Wpis z mikrobloga

#nieruchomosci
Jeszcze o tym jakby to wygladalo bez programu wsparcia

Deweloperzy mocno zainwestowali, te 40% marze brutto nie ida tylko do kieszenie, ale tez na wzrost. Glownie na wzrost, bo kto nie mysli o wzroscie biznesu ktory generuje 40% marze brutto?
Bez programu wsprarcia popytu przeciez nie pozamykaja firm! Nie przestana budowac! Nie moga! Bo maja kredyty!
Co beda robic? Beda schodzic z cen, schodzi z marz. Caly czas sie bedzie oplacac, ZADEN deweloper nie zacznie zwijac dzialnosci jak marza bedzie 20%, czy 15% nawet.

Podaz nie spadnie nagle, bo nie ma programu rzadowego. Jasne, jakies niskomarzowe projekty moga upasc, ale spadek podazy na nastepne 2-4 lata bedzie minimalna. Maszyna juz ruszyla, tego nie sie ot tak zatrzymac, tych inwestycji. To juz bedzie, z programem czy bez.

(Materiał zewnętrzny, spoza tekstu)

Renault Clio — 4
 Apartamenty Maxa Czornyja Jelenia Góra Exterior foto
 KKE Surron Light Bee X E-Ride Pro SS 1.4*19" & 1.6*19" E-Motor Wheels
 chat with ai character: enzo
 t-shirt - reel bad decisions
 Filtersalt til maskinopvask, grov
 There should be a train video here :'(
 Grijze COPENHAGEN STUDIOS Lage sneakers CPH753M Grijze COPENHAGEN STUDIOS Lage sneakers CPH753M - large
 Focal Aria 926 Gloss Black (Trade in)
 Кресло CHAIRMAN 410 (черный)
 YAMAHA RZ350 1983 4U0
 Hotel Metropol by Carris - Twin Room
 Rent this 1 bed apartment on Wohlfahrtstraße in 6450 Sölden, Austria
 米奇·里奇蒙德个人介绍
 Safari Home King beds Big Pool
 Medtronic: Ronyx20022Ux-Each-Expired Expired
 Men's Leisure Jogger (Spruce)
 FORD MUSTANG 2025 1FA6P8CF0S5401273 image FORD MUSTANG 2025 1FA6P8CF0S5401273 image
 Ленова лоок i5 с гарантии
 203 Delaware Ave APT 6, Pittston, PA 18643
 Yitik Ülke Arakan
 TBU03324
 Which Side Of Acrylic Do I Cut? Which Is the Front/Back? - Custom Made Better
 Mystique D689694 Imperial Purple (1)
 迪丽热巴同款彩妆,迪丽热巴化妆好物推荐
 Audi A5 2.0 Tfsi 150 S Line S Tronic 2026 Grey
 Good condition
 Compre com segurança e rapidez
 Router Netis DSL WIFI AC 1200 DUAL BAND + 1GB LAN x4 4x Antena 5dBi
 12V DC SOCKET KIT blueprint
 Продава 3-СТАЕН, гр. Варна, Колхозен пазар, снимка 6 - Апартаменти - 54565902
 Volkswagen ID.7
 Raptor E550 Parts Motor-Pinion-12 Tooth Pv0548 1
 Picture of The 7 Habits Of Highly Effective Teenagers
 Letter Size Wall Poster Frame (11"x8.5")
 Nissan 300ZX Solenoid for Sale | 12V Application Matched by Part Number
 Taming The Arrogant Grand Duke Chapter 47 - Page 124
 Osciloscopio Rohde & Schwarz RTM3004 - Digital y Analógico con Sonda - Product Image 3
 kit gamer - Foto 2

Mozna sie zastanawaiac co za 5 lat jak nie bedzie programu i deweloperzy zmniejsza liczbe inwestycji.
I trzeba o tym myslec bo migracja do BIG 5 sie nie zatrzyma.
Mysle jednak ze w obecnym stanie rynku trzeba spuscic z balona powietrze.
I przede wszystkim zajac sie pomaganiem od strony podazowej, nie popytowej.

Tylko wsparcie podazy ma sens
  • 5
Programiści zawsze się chwalą zdalną pracą to mogą się wyprowadzić do takiego Gorzowa Wlkp gdzie mieszkania są po 6.5k za metr xd


@Bubbo: ale w sumie trochę tak się dzieje. Bo jak teraz rekrutuję ludzi do pracy zdalnej to sporo jest osób, które już nie mieszkają w dużych miastach.